**Task details**
Go through the lines below and copy any that hold the string "Nike".

[Records from a data collection]
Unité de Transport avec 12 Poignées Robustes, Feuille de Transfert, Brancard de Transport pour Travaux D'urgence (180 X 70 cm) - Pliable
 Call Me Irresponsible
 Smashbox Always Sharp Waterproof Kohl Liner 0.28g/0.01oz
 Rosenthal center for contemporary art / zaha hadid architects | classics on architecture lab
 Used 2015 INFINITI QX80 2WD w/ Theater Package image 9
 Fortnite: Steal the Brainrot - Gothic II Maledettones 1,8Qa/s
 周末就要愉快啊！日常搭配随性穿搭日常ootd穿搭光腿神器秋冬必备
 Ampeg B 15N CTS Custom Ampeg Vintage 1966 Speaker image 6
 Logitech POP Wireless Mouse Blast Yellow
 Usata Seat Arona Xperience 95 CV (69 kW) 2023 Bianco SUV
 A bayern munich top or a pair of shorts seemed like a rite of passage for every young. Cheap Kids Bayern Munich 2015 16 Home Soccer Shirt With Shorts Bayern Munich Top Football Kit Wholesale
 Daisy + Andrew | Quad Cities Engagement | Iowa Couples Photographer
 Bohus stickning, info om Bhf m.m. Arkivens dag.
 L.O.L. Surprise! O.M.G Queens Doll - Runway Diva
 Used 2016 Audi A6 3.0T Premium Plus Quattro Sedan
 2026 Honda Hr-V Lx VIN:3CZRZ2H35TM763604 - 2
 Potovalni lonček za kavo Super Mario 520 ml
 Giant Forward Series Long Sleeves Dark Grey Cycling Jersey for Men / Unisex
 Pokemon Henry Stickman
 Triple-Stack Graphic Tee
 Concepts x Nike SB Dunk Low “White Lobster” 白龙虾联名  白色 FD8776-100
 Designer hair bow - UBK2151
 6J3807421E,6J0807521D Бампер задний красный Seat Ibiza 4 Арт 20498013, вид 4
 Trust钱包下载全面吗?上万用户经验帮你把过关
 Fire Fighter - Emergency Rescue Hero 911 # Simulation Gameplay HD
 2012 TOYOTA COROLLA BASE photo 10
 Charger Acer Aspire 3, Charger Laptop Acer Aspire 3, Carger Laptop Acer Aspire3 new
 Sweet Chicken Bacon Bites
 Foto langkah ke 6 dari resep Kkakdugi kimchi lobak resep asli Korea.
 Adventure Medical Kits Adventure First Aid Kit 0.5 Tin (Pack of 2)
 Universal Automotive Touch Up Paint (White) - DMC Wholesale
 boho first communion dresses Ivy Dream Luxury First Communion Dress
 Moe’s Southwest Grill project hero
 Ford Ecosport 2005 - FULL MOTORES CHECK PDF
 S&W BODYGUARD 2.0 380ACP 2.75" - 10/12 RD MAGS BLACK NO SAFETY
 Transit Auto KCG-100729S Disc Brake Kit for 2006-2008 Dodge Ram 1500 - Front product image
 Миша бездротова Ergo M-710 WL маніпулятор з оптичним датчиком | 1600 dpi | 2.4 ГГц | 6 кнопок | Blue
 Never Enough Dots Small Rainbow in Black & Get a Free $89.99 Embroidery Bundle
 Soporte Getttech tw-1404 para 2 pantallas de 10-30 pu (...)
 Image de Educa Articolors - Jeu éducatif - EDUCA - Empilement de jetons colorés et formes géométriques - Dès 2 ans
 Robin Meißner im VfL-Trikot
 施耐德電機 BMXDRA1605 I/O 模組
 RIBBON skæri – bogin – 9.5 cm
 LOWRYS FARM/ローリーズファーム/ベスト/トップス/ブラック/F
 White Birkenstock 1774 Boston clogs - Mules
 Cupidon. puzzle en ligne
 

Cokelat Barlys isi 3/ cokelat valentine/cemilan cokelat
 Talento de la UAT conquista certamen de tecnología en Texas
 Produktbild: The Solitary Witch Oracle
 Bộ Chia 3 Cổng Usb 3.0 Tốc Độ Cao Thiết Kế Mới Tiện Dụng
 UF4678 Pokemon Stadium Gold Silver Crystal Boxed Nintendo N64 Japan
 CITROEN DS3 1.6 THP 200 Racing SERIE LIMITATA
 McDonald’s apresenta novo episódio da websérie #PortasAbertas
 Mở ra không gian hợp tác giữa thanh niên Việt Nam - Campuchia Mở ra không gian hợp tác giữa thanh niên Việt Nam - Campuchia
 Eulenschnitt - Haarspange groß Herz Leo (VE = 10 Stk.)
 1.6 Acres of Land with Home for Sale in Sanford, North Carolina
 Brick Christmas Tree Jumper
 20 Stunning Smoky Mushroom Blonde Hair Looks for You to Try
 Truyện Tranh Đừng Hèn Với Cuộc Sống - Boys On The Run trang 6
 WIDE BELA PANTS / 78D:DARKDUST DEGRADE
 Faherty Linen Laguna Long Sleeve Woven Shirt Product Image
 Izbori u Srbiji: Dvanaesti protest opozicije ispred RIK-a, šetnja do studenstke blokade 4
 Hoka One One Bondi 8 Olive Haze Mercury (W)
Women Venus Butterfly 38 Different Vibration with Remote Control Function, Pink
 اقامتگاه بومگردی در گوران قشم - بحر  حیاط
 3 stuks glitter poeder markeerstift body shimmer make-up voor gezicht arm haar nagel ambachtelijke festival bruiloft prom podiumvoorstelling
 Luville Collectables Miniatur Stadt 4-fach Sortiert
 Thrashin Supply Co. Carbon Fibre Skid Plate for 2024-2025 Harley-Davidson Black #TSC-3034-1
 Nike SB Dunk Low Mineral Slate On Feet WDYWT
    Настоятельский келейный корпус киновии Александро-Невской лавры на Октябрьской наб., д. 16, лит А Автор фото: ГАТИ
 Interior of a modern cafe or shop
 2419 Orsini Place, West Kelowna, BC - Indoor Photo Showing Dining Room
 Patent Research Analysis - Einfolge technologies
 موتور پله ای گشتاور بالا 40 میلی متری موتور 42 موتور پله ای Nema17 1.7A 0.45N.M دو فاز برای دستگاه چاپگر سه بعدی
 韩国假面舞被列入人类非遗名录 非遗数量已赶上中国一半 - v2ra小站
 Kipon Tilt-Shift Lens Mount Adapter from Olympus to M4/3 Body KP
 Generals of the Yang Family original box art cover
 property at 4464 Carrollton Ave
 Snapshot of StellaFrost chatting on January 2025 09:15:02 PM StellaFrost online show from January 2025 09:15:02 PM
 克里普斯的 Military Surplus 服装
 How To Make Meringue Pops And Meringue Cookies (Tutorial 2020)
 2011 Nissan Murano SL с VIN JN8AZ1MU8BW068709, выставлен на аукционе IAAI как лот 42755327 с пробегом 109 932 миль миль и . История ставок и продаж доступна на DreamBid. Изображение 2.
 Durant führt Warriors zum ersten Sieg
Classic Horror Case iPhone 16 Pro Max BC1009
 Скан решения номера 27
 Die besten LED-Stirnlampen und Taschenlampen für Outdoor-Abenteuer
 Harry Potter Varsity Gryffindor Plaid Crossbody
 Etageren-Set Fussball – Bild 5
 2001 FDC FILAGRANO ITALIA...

**Result below**
 Concepts x Nike SB Dunk Low “White Lobster” 白龙虾联名  白色 FD8776-100
 Nike SB Dunk Low Mineral Slate On Feet WDYWT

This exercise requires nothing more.